Metadata-Version: 2.3
Name: zhuntrs
Version: 0.0.4
Classifier: Programming Language :: Rust
Classifier: Programming Language :: Python :: Implementation :: CPython
Classifier: Programming Language :: Python :: Implementation :: PyPy
License-File: LICENSE
Summary: Z-Hunt[rs] is a Rust port of the Z-Hunt algorithm for predicting the propensity of DNA to adopt a left-handed Z-DNA conformation.
Author: Aleksandr Fedorov
License: MIT
Requires-Python: >=3.8
Description-Content-Type: text/markdown; charset=UTF-8; variant=GFM
Project-URL: Source Code, https://github.com/biomancy/zhuntrs

## Z-Hunt[rs]

This repository contains a Rust port of the [Z-Hunt algorithm](https://pubmed.ncbi.nlm.nih.gov/1601856/), which is
designed to predict the propensity of DNA to adopt a left-handed Z-DNA conformation. Unlike the original implementation,
this version is intended to be used as a standalone Python library.

This Rust port is fully compatible with the original C implementation. Please refer to
the [Compatibility](#compatibility) section for more details.

### Installation

The library can be installed from PyPI using `pip`:

```shell
pip install zhuntrs
```

### Usage

Here is a simple example of how to use the library in Python:

```python
import zhuntrs

sequence = "nATGCGCGCGGCATGC".encode("ASCII")  # The target sequence (only ATGCN are accepted, case insensitive)
mindn, maxdn = 3, 6  # Minimum and maximum length of evaluated DNA windows in dinucleotides
threshold = 1_000  # Windows with a ZH-score below this threshold will not be reported

# Make a prediction
start, end, score, window, conformation = zhuntrs.predict(sequence, mindn, maxdn, threshold)

# start: start coordinates of evaluated DNA windows
assert start == [0, 1, 2]

# end: end coordinates of DNA windows starting at the above coordinates and 
#      having the highest ZH-score among [mindn; maxdn] windows
assert end == [10, 11, 10]

# score: ZH-score for each window
assert [int(zh) for zh in score] == [2220, 1057, 3428]

# window: DNA sequence for each window:
#         window[i] = sequence[start[i]:end[i]]
assert window == ['NATGCGCGCG', 'ATGCGCGCGG', 'TGCGCGCG']

# conformation: DNA conformation (anti/syn) for each window
assert conformation == ['ASASASASAS', 'SASASASASA', 'ASASASAS']
```

Note: the default behaviour of the original implementation is to "wrap around" windows at the end of the sequence.
It can be enabled by passing `wrap=True` to the `predict` function.

The library also supports stream predictions, wherein the sequence is evaluated slice by slice to minimize the memory
footprint and allow interruption when required. This feature is especially useful when processing large sequences:

```python
slice_size = 512  # Size of each slice, default is 1024

for start, end, score, window, conformation in zhuntrs.stream(sequence, mindn, maxdn, threshold, ssize=slice_size):
    length = len(start)
    # The last slice may be shorter than slice_size but not empty
    assert 0 < length <= slice_size
    # All arrays have the same length and semantics as before
    assert len(start) == len(end) == len(score) == len(window) == len(conformation)
    ...
```

This mode is equivalent to calling `zhuntrs.predict` on the entire sequence and processing the output slice by slice,
where each slice has a size equal to `ssize`, except, perhaps, for the last one. Note that the 'wrapping around' of the
sequence in this mode occurs as usual, i.e., only once, and all coordinates are provided relative to the original
sequence.

### Compatibility

This version has been tested against the original C implementation compiled with all compile optimizations turned off.
The output for human mtDNA, a random 1kb sequence, and subsequences of human chrY or HSV-1 genome matches the output of
the C implementation (see tests; 12 digits after the decimal point are identical).

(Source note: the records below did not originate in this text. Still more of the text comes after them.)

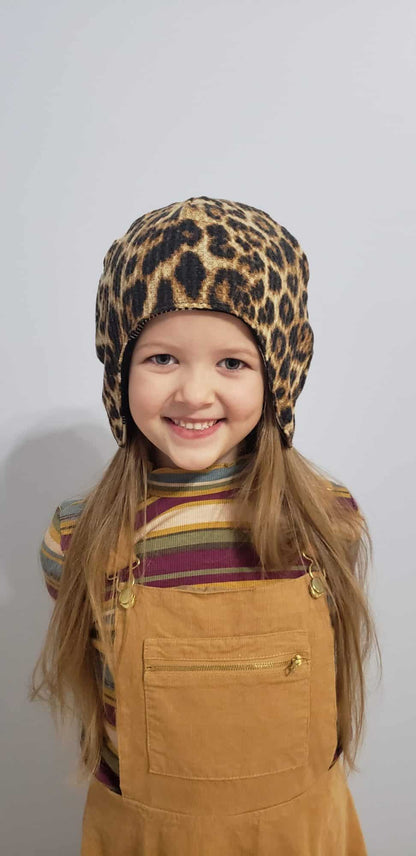 Free Ear Flap Hat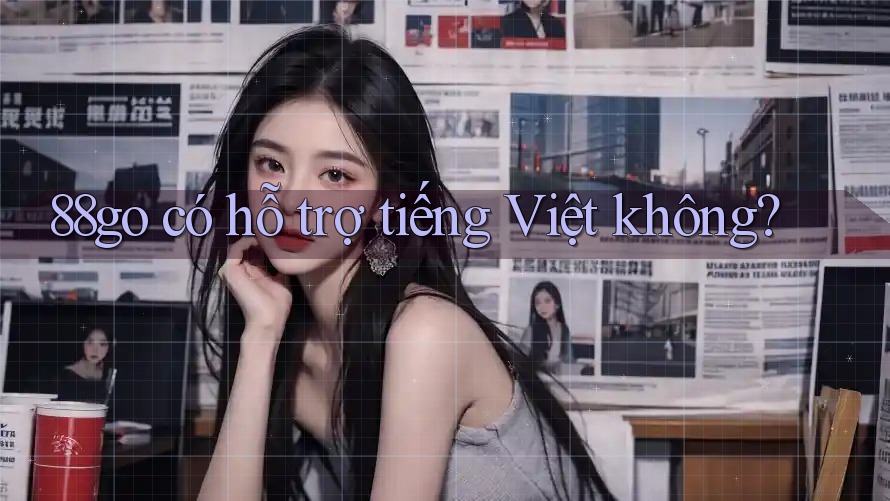 88go có hỗ trợ tiếng Việt không? 88go có hỗ trợ tiếng Việt không?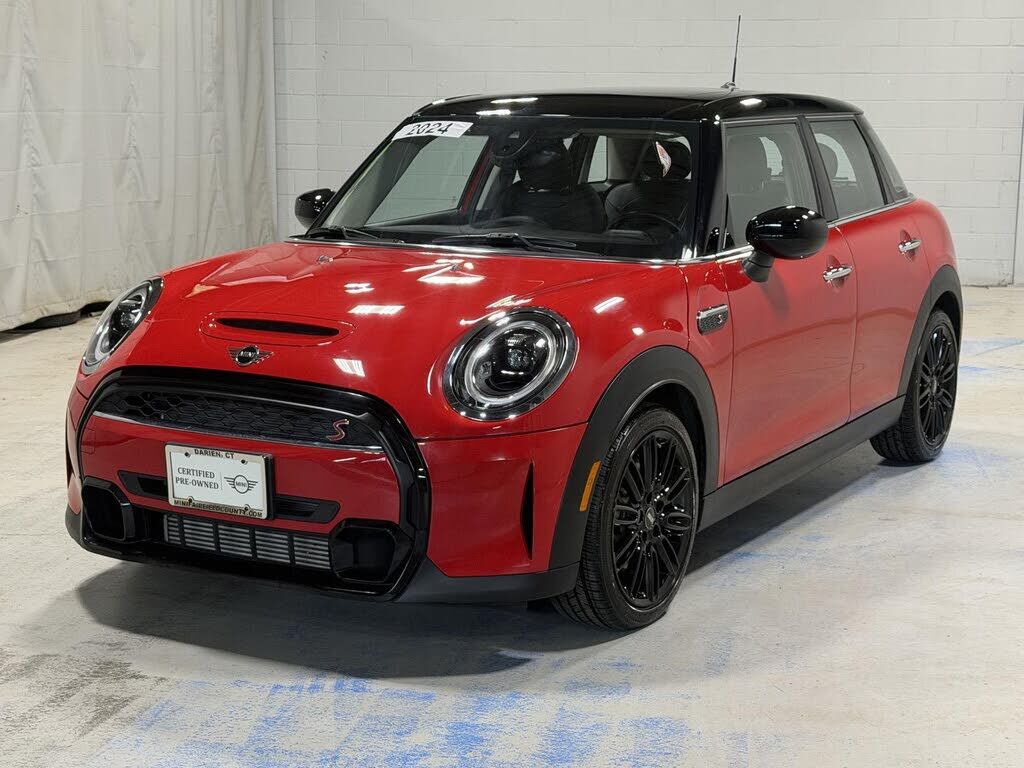 2024 MINI Hardtop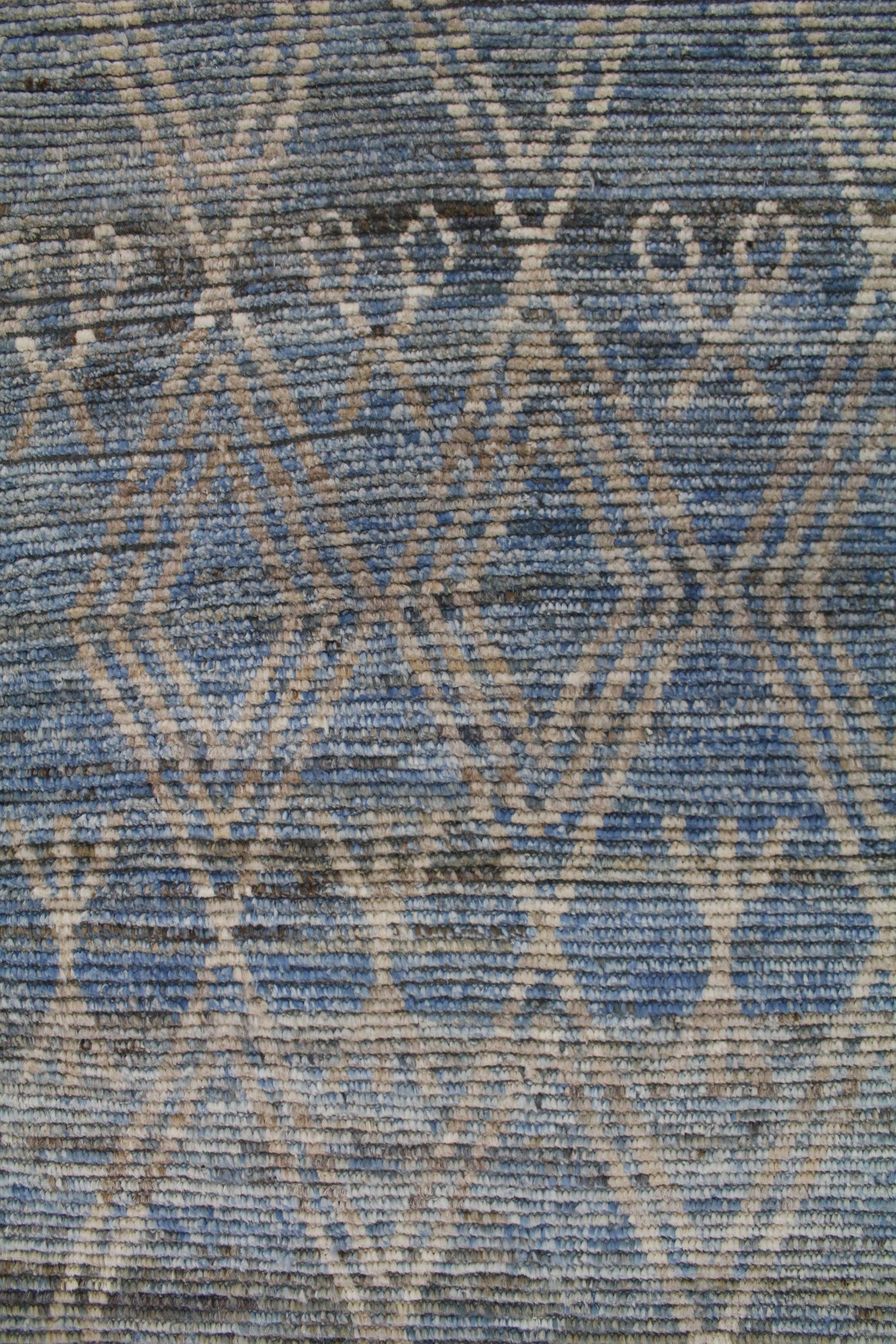 Moroccan Handwoven Tribal Rug, J62668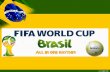 TITLE. Everything you need to know! The FIFA World Cup 2014 will be the 20th FIFA World Cup, an international football tournament that is scheduled to.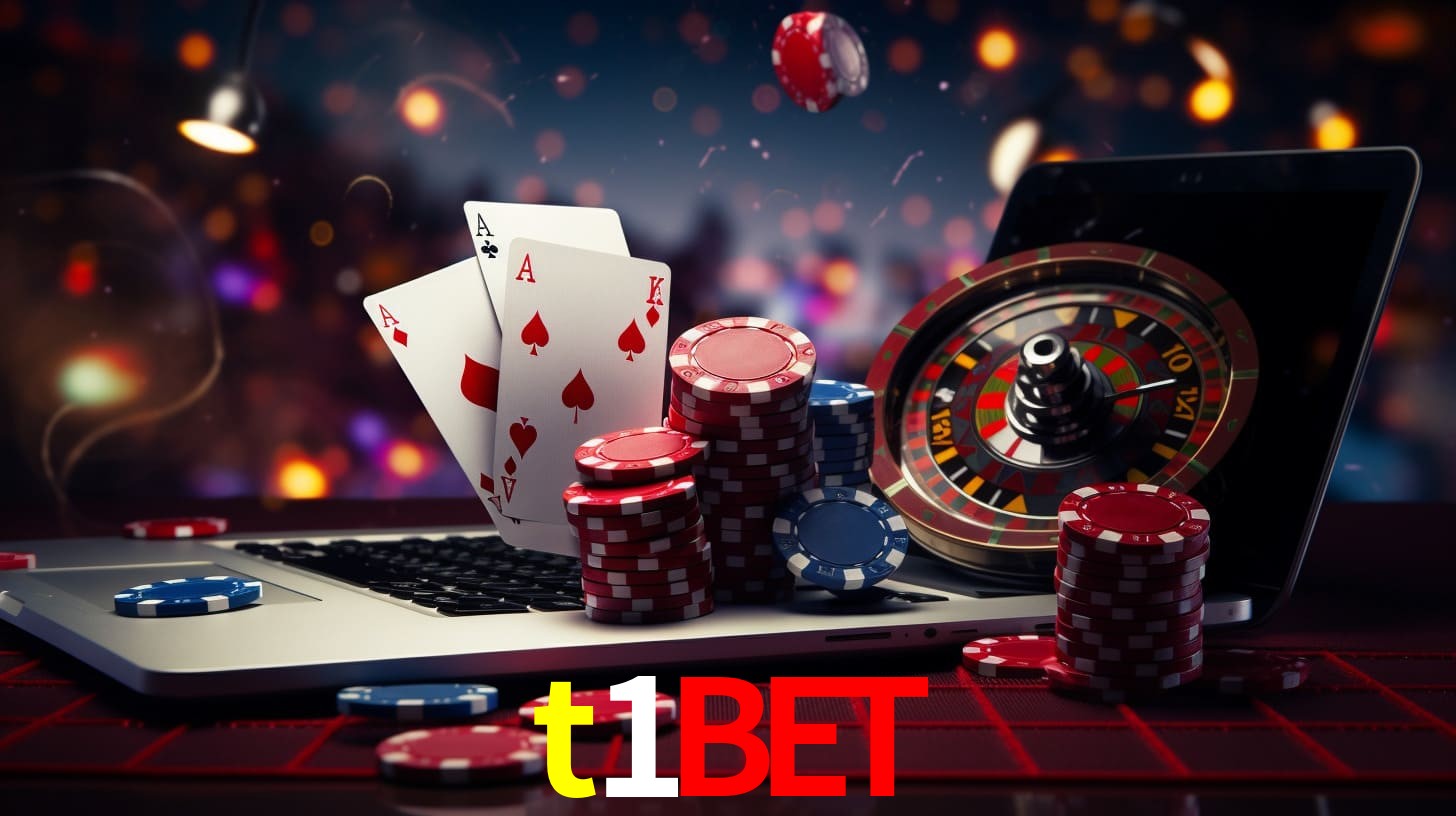 Roulette Table t1bet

Reference outputs were generated using the `tests/resources/make-references.sh` script. The reference implementation
used is also provided in the same folder (`zhunt3-reference.c`).

### Development

Publishing to PyPI is done automatically by the CI pipeline. To publish a new version, simply create a new tag and push
it to the repository. The CI pipeline will take care of the rest.